**WHAT THE TASK ASKS**
From the records below, please repeat exactly the line that has "Ring Silber 925", the line that has "Rib Lounge: Grey Merino Wool Pants - Grey", and every line between them, and nothing else.

**INFORMATION**
* * * * * * *

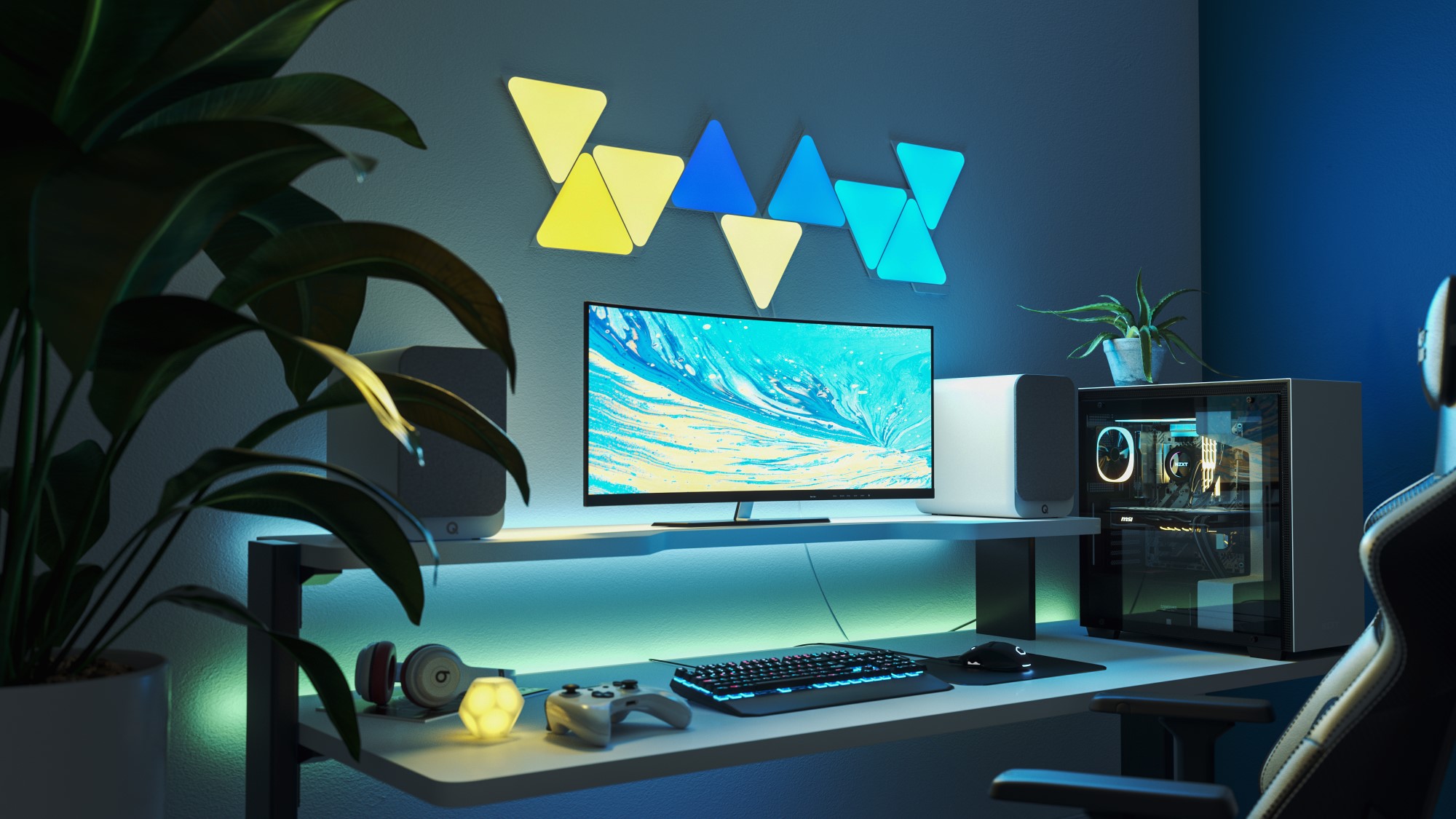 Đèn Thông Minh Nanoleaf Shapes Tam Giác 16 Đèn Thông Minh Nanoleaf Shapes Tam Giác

* * * * * * *

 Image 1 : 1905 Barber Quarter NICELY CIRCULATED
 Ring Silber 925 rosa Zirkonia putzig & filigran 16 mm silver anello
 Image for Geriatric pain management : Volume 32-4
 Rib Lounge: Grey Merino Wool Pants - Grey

* * * * * * *

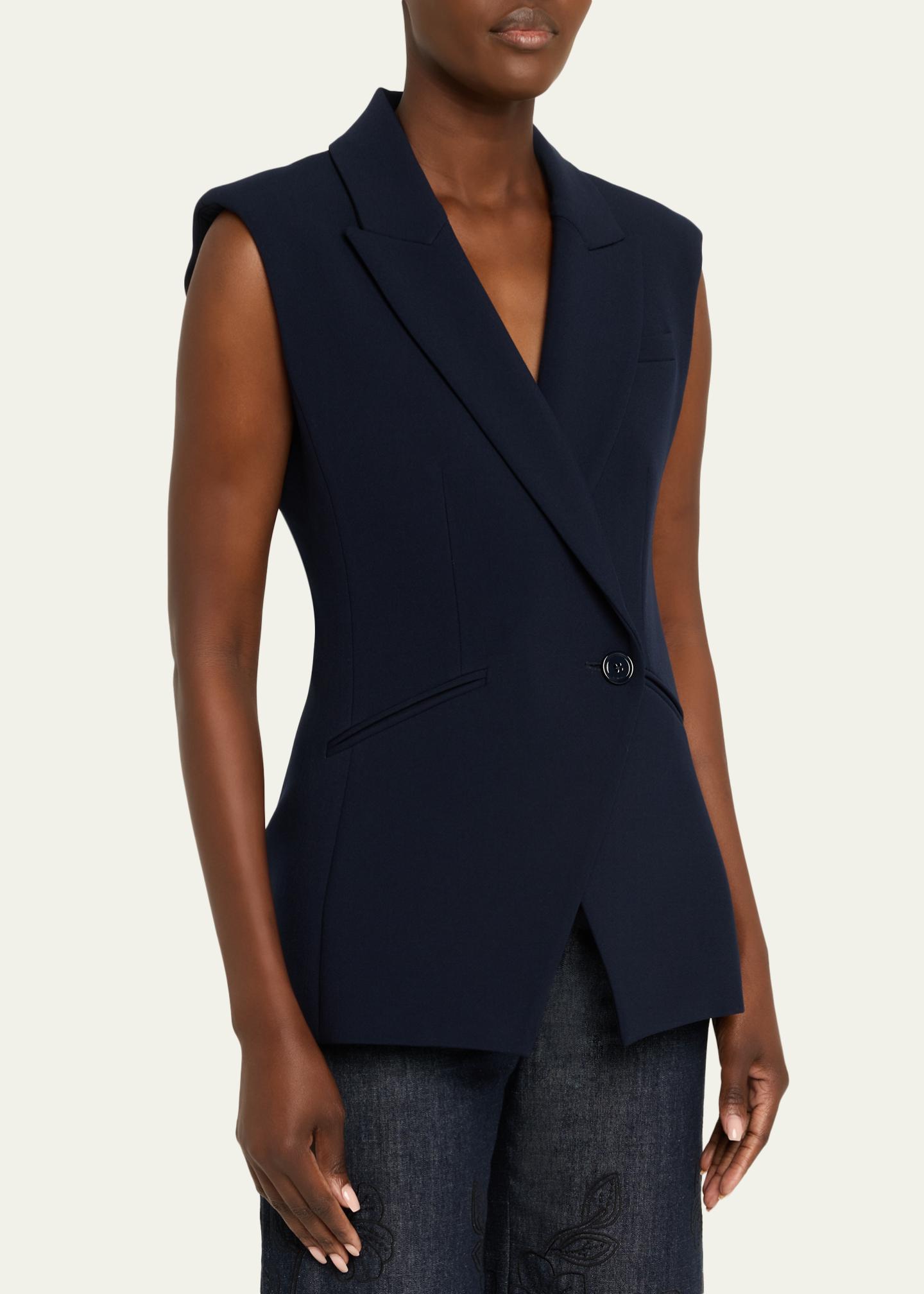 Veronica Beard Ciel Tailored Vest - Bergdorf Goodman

* * * * * * *

**WRITTEN ANSWER**
 Ring Silber 925 rosa Zirkonia putzig & filigran 16 mm silver anello
 Image for Geriatric pain management : Volume 32-4
 Rib Lounge: Grey Merino Wool Pants - Grey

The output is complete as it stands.